PROBLEM DETAILS
Could you please find each line in the records that contains the word "Vintage" and copy it?

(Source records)
▶

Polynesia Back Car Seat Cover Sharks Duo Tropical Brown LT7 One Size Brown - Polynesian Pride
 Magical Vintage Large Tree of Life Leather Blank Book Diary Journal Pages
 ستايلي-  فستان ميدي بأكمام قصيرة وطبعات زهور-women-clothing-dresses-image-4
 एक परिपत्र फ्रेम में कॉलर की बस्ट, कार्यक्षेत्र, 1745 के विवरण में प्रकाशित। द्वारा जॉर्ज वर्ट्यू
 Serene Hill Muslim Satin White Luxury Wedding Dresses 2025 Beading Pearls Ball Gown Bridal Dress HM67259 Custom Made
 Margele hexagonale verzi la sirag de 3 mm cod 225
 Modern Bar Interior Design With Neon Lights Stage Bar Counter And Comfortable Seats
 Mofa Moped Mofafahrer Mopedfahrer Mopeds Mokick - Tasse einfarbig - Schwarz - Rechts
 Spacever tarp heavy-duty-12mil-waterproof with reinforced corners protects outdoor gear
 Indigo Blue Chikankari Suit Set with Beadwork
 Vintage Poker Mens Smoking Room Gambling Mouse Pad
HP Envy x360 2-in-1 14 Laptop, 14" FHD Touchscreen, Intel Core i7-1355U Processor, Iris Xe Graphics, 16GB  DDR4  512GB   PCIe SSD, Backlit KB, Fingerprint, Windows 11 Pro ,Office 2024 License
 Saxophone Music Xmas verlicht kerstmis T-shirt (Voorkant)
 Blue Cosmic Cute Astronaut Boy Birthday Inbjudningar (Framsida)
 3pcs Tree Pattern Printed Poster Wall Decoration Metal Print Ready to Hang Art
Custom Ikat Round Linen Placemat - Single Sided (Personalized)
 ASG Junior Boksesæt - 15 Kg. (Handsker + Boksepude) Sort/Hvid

◀

PROBLEM SOLUTION
 Magical Vintage Large Tree of Life Leather Blank Book Diary Journal Pages
 Vintage Poker Mens Smoking Room Gambling Mouse Pad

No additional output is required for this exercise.